I know there are many on this board who are Universalists who nevertheless believe that, at least for a time, God grants his creatures libertarian free will. The sticking point though – and I feel this very strongly – is this: if God is going to “do away” with free will at some point and make everyone blessed and unable to sin or even be tempted to sin; if, indeed, he is going to remove all pain of every kind, why did he give us free will to begin with?
Is it possible to suppose that he gave it to us to allow us to experience a part of his nature that would be otherwise impossible?
Most are familiar with the doctrine that we can know God’s attributes by analogy. We see his effects in creation and can thus extrapolate to sort of know what he is like. Here is my question: how could we ever know God as the “personal cause of love” if we never experienced a) personhood, or b) true causative power?

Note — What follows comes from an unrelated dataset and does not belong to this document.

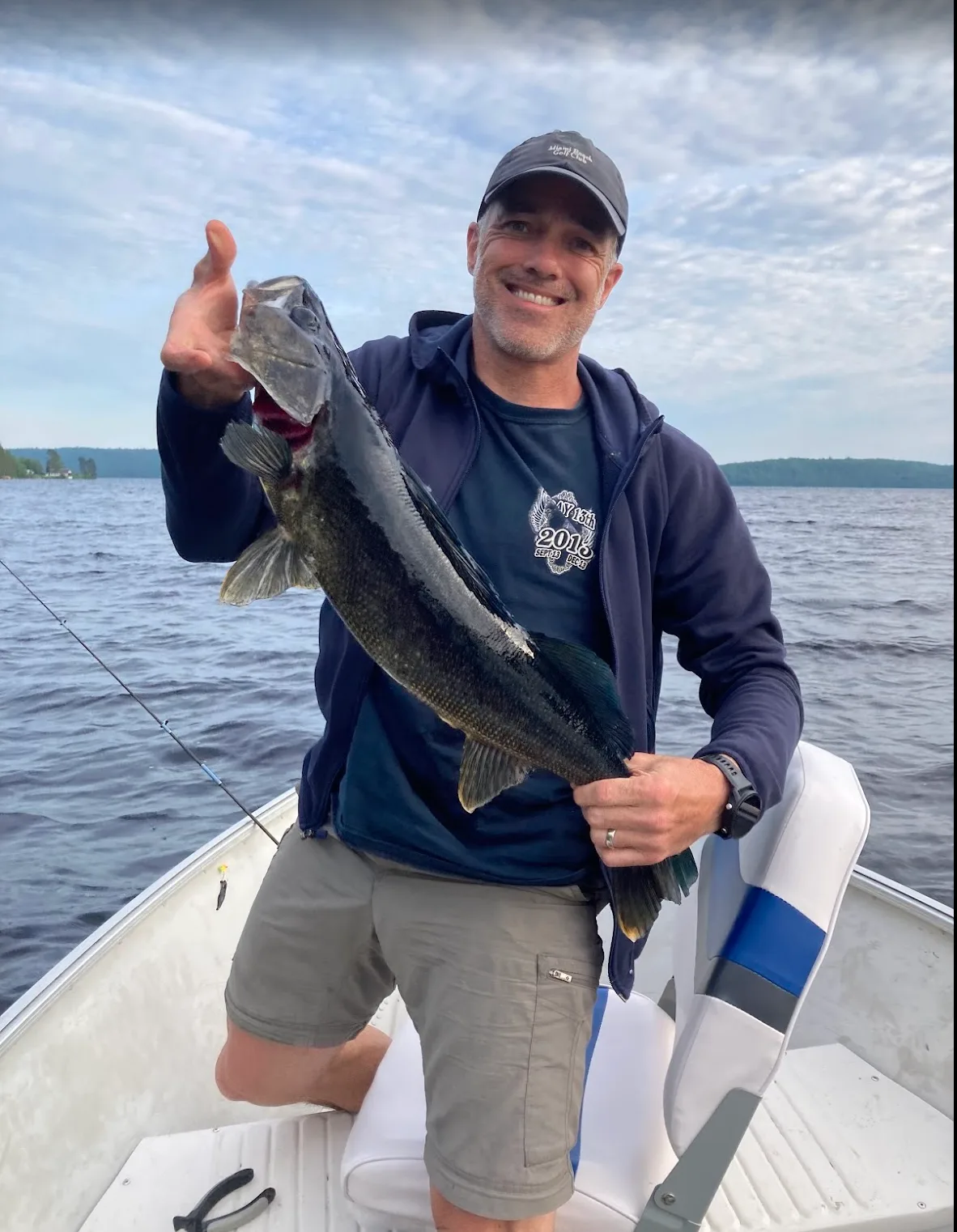 A man holding a large walleye fish on a boat.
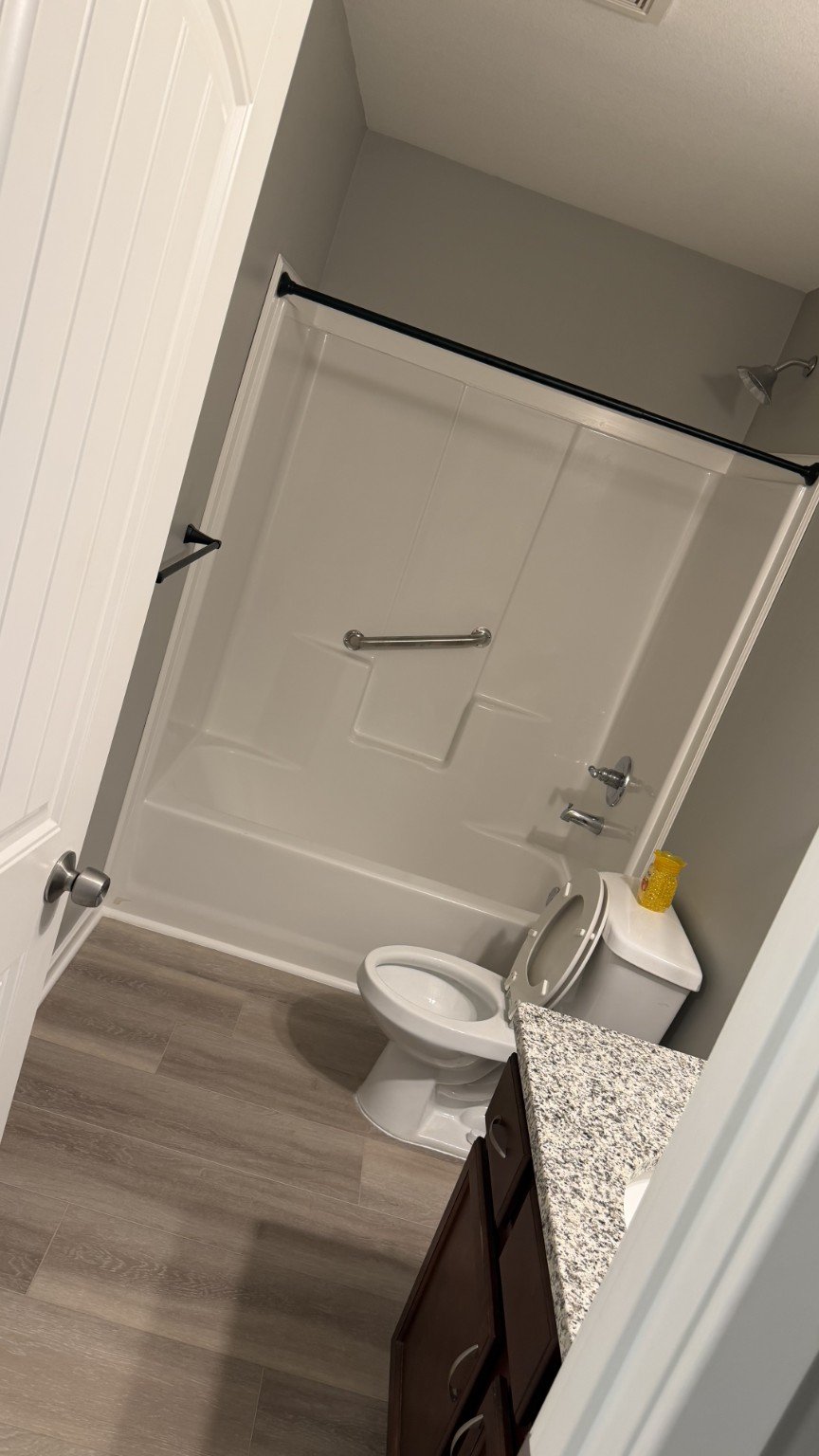 Bathroom with grey walls, a shower stall with a grab bar, a toilet, and a dark wood vanity with a granite countertop.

In other words, if we were not self conscious, and if we did not possess libertarian free will, at least for a time, with respect to the ability to cause love or not cause love, would it be possible for us to know God as a personal cause of love? I can imagine us having LFW without being able to sin and still being persons - I could still be free to choose even if all my options were good - but I’m not sure I can conceive of having “true causative power” with respect to actually loving or not loving, unless I had the power to either love or not love. I could have the choice between buying my wife a ring or a necklace and still be perfectly free, but only with respect to how I displayed a love I already had. Not with respect to being the cause of that love itself.
I’m wondering what others think of applying the idea of analogical knowledge of God to our free willed choices of love.